Supplied data Block Start
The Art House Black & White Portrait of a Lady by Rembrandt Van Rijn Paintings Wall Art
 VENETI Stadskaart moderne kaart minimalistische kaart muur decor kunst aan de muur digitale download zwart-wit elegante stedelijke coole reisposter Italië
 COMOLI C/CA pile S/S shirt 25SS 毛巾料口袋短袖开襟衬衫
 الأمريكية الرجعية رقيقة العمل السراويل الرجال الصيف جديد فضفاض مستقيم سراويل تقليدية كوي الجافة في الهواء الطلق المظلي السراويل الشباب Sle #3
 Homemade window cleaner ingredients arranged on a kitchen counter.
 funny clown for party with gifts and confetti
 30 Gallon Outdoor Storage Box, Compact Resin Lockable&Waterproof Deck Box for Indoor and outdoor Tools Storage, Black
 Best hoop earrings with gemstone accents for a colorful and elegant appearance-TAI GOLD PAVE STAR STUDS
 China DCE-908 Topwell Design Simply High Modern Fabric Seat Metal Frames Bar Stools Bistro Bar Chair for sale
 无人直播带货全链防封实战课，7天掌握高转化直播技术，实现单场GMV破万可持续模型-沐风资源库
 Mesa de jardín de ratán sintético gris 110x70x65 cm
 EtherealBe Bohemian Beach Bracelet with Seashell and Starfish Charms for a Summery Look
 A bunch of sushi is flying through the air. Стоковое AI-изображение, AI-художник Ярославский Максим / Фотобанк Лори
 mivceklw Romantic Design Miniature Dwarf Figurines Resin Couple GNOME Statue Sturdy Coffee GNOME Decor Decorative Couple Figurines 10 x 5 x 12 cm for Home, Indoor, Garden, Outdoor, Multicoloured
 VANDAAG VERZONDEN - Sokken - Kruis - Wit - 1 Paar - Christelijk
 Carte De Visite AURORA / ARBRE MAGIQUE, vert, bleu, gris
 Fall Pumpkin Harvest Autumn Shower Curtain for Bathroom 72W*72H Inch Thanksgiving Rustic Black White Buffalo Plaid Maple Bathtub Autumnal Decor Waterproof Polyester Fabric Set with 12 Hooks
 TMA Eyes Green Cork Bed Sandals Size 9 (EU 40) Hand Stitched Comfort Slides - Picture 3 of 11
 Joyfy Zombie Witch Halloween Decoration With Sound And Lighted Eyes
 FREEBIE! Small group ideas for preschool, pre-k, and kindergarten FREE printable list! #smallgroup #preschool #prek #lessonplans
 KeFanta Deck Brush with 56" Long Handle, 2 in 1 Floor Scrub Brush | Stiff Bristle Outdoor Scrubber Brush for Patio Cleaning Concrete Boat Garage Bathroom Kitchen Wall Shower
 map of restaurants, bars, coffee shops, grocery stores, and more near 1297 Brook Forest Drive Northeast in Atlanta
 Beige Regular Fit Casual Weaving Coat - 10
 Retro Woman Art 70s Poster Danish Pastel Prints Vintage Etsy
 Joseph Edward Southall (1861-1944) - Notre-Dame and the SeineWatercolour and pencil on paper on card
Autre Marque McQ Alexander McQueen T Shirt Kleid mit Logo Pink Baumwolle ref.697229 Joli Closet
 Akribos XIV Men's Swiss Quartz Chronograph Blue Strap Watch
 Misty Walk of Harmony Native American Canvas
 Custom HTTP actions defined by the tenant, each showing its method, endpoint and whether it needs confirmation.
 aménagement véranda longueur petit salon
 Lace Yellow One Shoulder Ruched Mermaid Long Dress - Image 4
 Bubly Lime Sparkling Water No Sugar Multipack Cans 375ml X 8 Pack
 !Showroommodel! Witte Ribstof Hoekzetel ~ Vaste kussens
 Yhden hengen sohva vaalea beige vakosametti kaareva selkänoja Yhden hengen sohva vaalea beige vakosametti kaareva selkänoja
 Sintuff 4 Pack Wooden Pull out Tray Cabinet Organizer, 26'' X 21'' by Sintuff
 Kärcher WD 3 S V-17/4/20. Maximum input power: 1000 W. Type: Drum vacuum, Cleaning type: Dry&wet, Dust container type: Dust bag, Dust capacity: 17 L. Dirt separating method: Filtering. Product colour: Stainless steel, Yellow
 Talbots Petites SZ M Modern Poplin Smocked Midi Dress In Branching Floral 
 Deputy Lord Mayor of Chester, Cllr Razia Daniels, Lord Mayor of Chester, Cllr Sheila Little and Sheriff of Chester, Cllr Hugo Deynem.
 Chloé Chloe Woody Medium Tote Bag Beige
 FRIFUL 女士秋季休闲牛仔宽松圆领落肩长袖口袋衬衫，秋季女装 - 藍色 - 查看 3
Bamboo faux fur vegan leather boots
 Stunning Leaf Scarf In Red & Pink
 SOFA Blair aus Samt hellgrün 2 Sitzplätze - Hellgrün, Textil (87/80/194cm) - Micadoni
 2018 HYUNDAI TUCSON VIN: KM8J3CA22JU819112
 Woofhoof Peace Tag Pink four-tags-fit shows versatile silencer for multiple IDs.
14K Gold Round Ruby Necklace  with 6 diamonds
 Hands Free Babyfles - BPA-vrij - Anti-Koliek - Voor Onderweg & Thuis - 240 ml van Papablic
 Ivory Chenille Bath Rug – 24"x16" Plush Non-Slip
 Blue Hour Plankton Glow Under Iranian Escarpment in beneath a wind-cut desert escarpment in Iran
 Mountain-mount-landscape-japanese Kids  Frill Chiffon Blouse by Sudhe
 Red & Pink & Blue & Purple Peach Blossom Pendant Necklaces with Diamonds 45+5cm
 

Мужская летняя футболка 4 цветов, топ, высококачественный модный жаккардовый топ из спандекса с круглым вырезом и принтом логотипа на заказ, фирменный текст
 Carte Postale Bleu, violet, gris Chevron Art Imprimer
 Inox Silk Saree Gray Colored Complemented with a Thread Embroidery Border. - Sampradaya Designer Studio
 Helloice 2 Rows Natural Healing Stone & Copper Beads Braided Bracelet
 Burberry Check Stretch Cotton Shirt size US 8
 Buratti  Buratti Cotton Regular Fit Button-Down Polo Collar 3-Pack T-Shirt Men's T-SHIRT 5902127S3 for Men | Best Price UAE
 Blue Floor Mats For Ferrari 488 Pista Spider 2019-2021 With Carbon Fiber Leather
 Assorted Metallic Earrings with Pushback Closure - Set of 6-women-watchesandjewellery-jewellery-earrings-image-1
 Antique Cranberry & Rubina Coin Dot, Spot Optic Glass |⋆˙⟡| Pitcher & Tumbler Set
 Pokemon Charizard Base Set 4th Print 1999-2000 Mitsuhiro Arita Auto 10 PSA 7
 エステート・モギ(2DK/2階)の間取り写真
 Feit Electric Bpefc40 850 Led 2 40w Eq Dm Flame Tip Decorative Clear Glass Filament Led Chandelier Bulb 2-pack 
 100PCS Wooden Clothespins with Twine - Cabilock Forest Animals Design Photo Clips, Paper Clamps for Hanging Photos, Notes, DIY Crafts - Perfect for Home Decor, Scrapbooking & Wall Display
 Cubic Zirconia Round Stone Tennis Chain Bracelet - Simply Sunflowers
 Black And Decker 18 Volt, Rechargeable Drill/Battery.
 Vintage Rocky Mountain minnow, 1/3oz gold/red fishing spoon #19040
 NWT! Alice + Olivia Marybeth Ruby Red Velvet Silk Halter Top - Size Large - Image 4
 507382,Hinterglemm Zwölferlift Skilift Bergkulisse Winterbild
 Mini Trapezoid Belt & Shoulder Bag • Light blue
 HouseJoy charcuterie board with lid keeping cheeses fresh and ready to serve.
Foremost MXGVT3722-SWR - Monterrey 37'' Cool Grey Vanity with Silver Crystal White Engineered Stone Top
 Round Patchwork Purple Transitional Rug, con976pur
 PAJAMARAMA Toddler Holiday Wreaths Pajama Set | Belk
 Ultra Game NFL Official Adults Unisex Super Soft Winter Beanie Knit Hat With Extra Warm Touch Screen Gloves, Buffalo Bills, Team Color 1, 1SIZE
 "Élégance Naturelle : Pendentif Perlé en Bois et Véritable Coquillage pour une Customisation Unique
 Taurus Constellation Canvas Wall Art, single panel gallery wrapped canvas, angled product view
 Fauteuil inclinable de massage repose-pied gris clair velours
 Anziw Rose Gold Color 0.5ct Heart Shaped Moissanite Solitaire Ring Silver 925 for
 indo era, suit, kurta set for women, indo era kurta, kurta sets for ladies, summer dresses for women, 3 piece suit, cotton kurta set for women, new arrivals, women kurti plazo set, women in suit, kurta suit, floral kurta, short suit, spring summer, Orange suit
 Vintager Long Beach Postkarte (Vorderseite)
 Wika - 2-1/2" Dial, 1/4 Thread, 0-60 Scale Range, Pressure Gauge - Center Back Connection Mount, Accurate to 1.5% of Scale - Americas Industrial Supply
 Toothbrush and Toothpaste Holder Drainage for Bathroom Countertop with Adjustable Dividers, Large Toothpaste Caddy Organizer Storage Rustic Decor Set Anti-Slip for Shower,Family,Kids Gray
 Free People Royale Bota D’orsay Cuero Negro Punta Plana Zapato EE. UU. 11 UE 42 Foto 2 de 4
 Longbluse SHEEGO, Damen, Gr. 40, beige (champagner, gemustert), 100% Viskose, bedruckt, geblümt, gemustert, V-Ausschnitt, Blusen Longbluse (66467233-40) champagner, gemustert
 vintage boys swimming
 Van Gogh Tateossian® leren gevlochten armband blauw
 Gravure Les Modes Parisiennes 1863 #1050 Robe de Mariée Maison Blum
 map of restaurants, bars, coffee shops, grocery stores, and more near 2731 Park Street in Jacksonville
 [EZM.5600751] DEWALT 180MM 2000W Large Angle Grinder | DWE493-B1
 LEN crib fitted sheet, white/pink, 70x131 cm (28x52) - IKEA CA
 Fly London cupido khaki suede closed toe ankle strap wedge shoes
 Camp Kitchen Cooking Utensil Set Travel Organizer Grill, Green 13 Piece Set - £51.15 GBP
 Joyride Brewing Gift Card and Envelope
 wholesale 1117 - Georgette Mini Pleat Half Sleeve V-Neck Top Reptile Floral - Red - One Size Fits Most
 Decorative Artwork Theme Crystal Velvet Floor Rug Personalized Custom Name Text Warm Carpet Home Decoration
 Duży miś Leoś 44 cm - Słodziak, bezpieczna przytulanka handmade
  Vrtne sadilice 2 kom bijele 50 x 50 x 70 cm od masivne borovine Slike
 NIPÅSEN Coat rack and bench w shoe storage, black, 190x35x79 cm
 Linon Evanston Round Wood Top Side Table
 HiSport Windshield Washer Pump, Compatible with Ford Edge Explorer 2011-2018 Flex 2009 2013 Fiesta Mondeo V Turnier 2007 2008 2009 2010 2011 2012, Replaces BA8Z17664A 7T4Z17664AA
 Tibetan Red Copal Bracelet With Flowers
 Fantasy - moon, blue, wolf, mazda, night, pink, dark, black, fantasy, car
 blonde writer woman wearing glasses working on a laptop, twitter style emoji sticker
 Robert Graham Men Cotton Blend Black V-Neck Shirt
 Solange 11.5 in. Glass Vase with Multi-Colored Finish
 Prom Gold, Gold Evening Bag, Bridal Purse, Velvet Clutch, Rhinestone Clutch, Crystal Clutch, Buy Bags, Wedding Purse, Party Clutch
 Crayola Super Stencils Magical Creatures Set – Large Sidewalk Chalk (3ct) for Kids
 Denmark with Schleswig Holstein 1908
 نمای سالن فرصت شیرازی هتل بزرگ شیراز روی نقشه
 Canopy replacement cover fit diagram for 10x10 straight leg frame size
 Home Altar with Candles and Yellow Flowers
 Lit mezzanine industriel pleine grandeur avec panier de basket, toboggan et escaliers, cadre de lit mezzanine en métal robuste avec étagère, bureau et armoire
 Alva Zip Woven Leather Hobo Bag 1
Supplied data Block End
Brief = List all lines from the entries that include the word "Yellow".

Exercise answer =
 Lace Yellow One Shoulder Ruched Mermaid Long Dress - Image 4
 Kärcher WD 3 S V-17/4/20. Maximum input power: 1000 W. Type: Drum vacuum, Cleaning type: Dry&wet, Dust container type: Dust bag, Dust capacity: 17 L. Dirt separating method: Filtering. Product colour: Stainless steel, Yellow
 Home Altar with Candles and Yellow Flowers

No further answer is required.